On Thursday, Saletan notes, Johnson invoked the language of The Communist Manifesto: “What if the socialists take over the Senate, and Democrat socialists are in charge, and they want to grow government and take over the means of production?”
Johnson is right to fear the threat of dictatorship, Saletan says, but "He’s just wrong about where that threat is coming from. It’s coming from his own party. And he’s paving the way."
The Speaker is enabling and abetting President Donald Trump in every which way, Saletan writes.
"To bring a democracy under authoritarian control, you need more than a strongman. You need politicians who will assure the public, as we slide toward one-man rule, that nothing odd is happening," he says. "That’s the role Johnson is playing in Donald Trump’s takeover of America."
Referring to Trump's Truth Social demands of Attorney General Pam Bondi to persecute his perceived enemies —former FBI Director James Comey, Senator Adam Schiff (D-CA), and New York Attorney General Leticia James —Saletan says "Johnson pretended it didn't happen."

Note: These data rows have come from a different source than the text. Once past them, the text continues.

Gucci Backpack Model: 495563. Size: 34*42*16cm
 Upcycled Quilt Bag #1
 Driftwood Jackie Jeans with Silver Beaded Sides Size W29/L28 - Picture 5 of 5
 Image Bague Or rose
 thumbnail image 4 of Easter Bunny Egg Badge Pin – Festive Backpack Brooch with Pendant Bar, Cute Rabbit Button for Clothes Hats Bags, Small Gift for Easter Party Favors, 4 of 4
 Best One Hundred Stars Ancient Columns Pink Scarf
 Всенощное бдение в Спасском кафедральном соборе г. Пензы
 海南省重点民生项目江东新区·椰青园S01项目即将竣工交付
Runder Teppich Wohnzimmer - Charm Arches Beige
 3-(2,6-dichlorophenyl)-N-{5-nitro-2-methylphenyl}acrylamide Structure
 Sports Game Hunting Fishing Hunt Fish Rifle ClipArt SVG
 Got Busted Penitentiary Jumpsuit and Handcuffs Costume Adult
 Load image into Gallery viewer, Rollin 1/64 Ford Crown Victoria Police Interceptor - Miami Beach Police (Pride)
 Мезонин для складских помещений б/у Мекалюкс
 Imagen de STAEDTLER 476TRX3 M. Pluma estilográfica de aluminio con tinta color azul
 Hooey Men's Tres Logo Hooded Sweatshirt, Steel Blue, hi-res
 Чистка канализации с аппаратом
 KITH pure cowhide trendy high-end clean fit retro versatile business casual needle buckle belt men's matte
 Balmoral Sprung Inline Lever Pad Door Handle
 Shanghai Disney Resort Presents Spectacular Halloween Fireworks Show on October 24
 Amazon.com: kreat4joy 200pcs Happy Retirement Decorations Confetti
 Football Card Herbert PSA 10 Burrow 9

When CNN's Jake Tapper pointedly asked Johnson about Trump telling his AG to go after his political opponents, Johnson, "with a straight face" said, “I don’t think that’s what he did.”
Following Comey's indictment on charges of making false statements to Congress and obstruction of a congressional proceeding, CNBC’s Andrew Ross Sorkin asked the speaker "about this plainly autocratic move," in Trump bringing his favored attorney to prosecute the case, to which he replied, "“I wouldn’t say that."
When YouTube journalist Piers Morgan asked Johnson about the “revenge act now going on against all of the Trump opponents,” the Speaker replied that there was a responsibility "to make an example" of people who "lied to Congress," despite proof suggestion that Comey did not lie at all.
"The notion that Trump cares about lying to Congress is comical. He pardoned Roger Stone, his intermediary in Russia’s 2016 election interference, after Stone was convicted of lying to Congress," Saletan says.
Johnson's excuses for Trump don't stop there. "Johnson is also happy to excuse Trump’s overt bigotry," Saletan says, in reference to his laughing off of a racist video the president posted of Rep. Hakeem Jeffries (D-NY) and Sen. Chuck Schumer (D-NY).
"This is the same Mike Johnson who once issued a report admonishing his colleagues that wasteful government programs were 'not a laughing matter'," Saletan says.
And, he writes, as Trump sends troops "into American cities against the will of state and local officials, Johnson—who calls himself a “constitutional law attorney”—stoutly defends the president."
He also defends Trump's calls for the imprisonment of local officials who don’t cooperate with his military takeovers, as seen in a fumbling response to a reporter asking him about Trump calling for the mayor of Chicago and governor of Illinois to be jailed.
"Um. (Pause) I’m not the attorney general. I’m the speaker of the House, and I’m trying to manage the chaos here. I’m not following the day-to-day on that," Johnson said.
"That’s the sound of a man who will do nothing to challenge—and anything to justify—presidential violations of the Constitution, as long as the president is of his own party," Saletan says.
“Have you ever voted against anything that Trump set forth, as far as policy?” a caller asked Johnson on C-SPAN.
The speaker didn’t name a single thing. “I typically vote with President Trump, I do, because that’s my party,” he said.
"And nothing Trump has done—the sham prosecutions, the threats of imprisonment, the invasions of American cities—has shaken that blind devotion," Saletan says.